Material for the task –

※

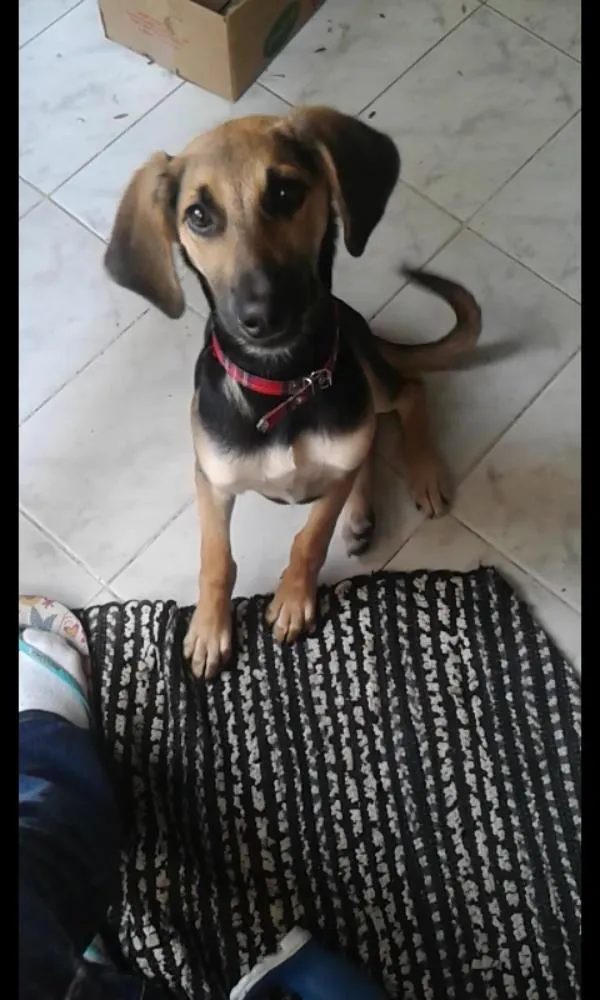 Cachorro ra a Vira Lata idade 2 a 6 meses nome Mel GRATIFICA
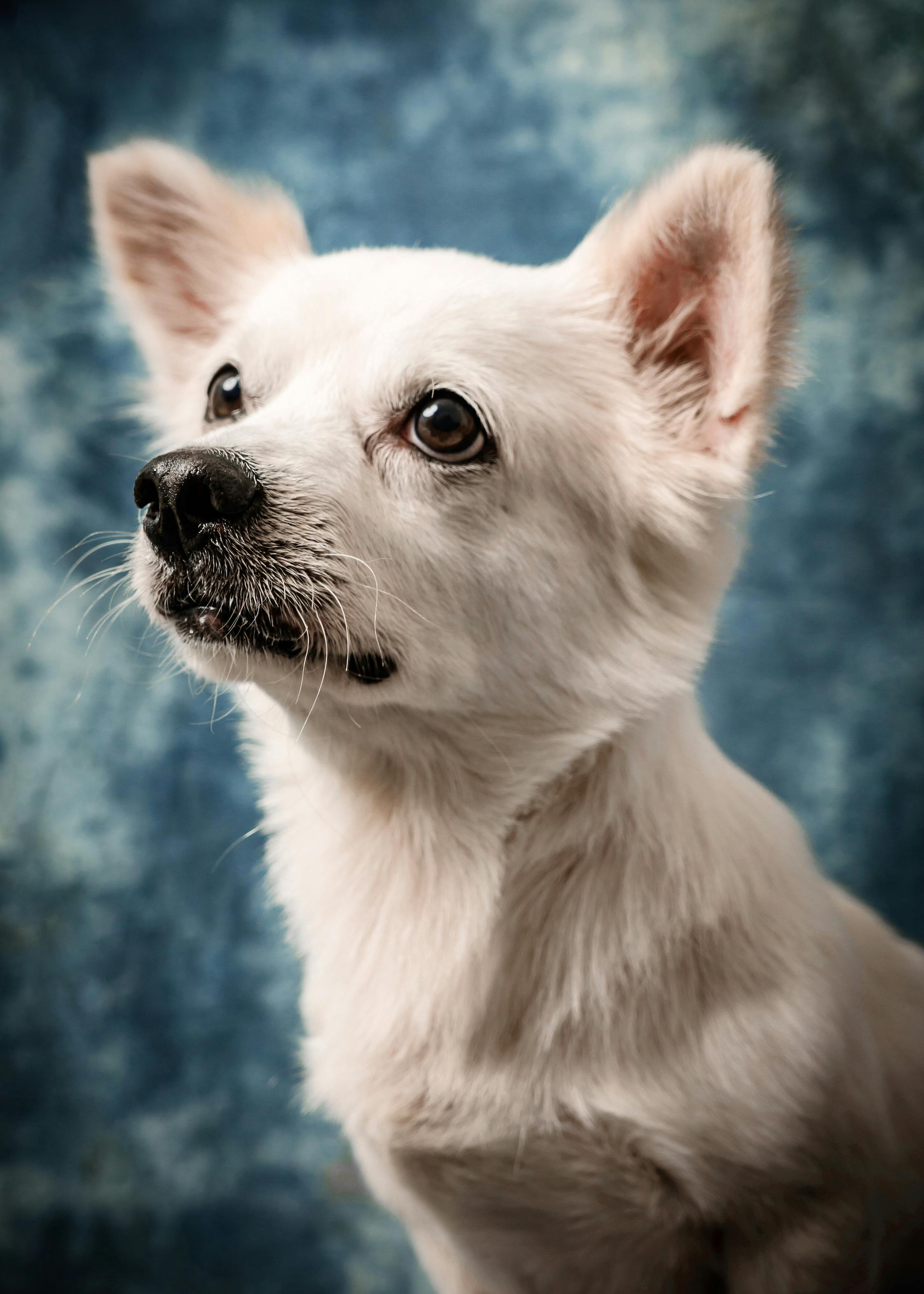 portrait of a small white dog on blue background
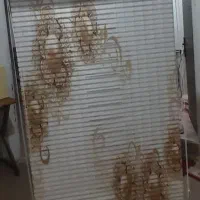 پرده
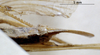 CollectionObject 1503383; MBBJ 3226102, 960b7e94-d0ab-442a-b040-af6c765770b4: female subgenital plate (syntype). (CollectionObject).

※

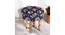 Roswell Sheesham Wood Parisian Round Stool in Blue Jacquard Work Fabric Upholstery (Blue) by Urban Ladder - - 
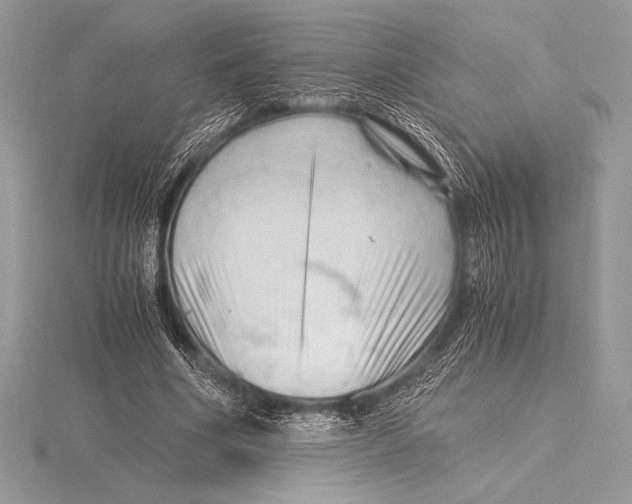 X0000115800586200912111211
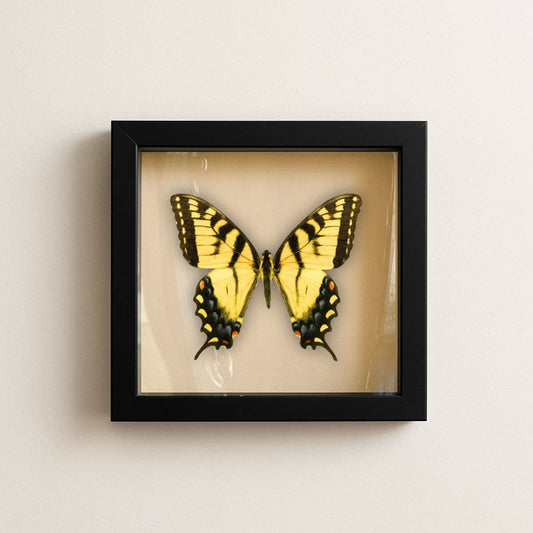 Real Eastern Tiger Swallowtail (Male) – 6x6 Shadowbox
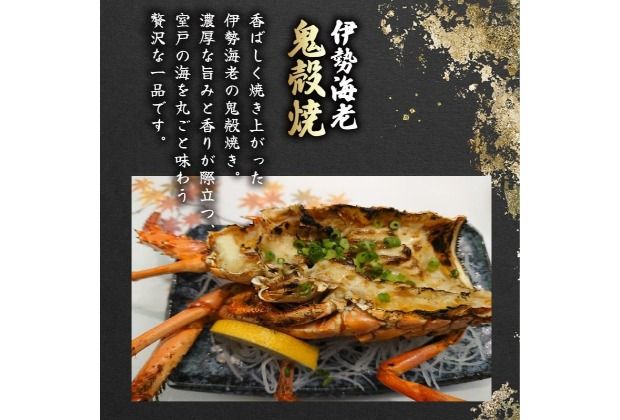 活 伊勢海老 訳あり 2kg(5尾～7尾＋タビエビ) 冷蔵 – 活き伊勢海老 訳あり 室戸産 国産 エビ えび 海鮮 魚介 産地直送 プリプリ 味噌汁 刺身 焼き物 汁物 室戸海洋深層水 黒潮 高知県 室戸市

※

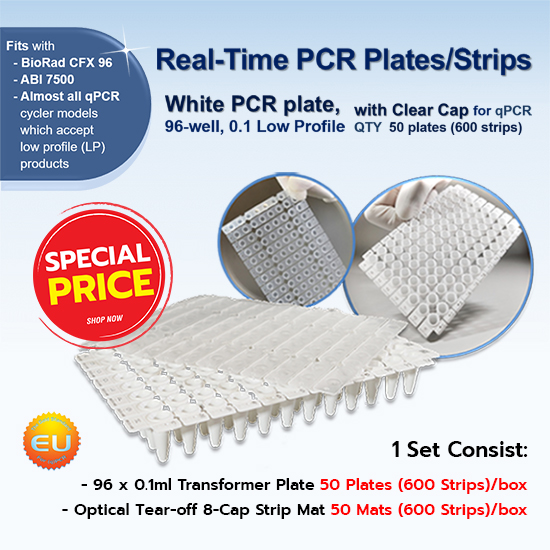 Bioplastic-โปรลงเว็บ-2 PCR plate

※

Problem details –
Look above for the line containing "Cachorro ra a", then copy exactly from it through the line containing "CollectionObject 1503383; MBBJ", keeping both and leaving out pictures. Add nothing else.

Response box –
 Cachorro ra a Vira Lata idade 2 a 6 meses nome Mel GRATIFICA
 portrait of a small white dog on blue background
 پرده
 CollectionObject 1503383; MBBJ 3226102, 960b7e94-d0ab-442a-b040-af6c765770b4: female subgenital plate (syntype). (CollectionObject).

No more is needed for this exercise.